Tearing Down the Walls

There’s too much going on in the culture at large, both good and bad, for us to sit on our hands and pretend as if it doesn’t matter.

I originally meant to post this a few weeks ago, hence to the reference to the “recent” L’Abri conference. Apologies for any confusion.

This past weekend was the L’Abri conference in St. Louis.
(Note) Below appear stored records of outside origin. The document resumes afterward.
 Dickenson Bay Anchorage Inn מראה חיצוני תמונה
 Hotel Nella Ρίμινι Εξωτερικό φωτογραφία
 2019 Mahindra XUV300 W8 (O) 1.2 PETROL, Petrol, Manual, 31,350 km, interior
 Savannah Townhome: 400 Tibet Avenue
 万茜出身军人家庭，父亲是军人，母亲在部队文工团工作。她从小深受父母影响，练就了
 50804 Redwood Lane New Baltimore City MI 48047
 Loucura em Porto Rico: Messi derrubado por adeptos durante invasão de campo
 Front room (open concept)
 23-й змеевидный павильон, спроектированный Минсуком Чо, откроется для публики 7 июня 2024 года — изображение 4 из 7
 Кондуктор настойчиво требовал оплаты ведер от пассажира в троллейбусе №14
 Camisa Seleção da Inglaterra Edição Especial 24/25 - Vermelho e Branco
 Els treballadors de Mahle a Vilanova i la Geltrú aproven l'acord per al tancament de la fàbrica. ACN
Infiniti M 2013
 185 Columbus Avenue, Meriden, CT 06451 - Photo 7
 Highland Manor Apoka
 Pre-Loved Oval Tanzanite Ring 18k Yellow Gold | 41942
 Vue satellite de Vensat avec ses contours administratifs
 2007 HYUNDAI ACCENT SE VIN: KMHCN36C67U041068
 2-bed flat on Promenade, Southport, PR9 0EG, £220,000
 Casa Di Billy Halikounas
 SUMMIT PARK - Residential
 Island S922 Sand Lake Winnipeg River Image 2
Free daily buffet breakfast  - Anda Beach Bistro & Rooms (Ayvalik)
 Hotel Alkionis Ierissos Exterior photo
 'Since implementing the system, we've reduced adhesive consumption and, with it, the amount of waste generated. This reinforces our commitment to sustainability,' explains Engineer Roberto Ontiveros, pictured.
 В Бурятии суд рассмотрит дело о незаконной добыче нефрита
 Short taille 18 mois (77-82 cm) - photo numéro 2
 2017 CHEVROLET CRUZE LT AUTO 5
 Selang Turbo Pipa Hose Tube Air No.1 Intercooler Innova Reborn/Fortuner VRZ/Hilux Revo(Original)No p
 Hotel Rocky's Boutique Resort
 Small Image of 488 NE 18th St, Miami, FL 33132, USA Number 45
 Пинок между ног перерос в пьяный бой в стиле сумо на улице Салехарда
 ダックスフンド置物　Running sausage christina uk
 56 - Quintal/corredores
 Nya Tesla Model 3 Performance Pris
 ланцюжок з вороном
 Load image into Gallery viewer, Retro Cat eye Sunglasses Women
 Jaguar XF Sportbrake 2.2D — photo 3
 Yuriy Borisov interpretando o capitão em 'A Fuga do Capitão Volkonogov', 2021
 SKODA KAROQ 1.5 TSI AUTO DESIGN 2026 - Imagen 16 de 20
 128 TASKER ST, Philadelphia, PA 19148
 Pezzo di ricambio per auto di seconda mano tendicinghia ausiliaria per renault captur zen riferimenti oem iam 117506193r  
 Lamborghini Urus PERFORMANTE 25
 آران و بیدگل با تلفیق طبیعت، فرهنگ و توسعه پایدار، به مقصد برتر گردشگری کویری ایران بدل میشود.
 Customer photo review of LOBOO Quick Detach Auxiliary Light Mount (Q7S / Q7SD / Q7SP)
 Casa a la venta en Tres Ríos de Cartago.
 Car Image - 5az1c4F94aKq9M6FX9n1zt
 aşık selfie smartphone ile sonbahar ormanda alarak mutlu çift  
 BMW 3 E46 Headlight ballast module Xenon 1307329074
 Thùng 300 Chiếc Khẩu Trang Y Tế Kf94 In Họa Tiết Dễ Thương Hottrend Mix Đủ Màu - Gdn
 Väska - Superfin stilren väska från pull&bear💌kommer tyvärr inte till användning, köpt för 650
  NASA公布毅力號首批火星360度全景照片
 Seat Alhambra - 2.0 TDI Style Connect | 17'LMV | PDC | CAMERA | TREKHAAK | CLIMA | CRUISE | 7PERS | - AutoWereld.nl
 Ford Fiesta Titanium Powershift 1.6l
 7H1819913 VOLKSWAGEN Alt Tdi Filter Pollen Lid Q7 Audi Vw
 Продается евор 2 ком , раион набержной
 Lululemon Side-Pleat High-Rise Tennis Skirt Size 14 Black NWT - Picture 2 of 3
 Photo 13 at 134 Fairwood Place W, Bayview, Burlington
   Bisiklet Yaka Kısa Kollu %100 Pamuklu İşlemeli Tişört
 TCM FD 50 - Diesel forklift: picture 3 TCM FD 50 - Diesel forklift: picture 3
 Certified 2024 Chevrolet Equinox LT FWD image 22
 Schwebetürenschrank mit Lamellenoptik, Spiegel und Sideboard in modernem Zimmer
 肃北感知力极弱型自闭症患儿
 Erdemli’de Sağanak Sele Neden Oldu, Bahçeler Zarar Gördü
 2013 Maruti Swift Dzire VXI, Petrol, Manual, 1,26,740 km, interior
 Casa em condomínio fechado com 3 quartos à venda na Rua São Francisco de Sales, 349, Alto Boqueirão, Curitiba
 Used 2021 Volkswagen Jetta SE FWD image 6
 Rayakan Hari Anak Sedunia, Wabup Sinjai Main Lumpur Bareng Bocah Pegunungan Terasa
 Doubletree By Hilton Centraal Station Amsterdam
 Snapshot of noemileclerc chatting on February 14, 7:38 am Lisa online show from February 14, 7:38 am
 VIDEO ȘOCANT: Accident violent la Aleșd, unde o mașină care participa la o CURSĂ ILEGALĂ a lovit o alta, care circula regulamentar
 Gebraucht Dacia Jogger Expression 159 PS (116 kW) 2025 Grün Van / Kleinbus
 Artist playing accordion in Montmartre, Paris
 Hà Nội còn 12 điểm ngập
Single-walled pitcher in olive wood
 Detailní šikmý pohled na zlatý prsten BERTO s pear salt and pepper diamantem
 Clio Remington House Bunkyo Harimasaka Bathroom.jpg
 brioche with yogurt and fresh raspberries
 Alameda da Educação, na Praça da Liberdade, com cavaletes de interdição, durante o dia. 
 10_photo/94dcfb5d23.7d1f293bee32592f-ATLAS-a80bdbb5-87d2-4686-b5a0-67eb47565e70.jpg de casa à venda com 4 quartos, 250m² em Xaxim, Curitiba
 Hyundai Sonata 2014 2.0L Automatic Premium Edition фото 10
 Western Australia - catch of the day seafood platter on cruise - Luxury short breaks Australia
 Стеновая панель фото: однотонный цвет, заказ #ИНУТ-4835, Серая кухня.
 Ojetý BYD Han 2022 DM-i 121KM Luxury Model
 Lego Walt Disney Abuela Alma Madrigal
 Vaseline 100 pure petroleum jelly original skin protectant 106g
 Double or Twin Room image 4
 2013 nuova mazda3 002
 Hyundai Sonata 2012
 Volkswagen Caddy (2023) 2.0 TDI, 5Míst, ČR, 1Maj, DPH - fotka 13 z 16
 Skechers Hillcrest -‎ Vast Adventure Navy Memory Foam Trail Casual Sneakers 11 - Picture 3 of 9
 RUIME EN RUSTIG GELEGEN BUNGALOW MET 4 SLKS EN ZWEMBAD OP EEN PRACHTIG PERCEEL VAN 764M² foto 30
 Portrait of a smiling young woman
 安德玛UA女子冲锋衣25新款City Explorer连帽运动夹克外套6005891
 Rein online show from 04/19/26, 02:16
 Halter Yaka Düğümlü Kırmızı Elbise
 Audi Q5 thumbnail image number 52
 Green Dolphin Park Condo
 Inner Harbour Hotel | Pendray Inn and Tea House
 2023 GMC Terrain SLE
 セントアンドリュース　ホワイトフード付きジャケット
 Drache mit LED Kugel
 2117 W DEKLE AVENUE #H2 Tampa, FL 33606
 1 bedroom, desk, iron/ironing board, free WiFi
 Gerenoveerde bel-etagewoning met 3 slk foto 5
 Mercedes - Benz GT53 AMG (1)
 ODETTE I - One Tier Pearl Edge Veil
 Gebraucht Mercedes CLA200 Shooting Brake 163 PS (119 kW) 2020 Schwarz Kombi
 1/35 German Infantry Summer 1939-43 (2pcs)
I had the pleasure of attending last year’s conference up in Minnesota, and it was quite refreshing and challenging to be around Christians who don’t feel threatened by popular culture, but rather, feel that a proactive interaction with it is intrinsic to the faith. (Which is quite the oppposite to what most people think is the Church’s response to the “secular” world.)

And, if this recent Christianity Today article is any indication, it’s a trend that’s even spreading through the hallowed, ivy-encrusted walls of Christian higher education.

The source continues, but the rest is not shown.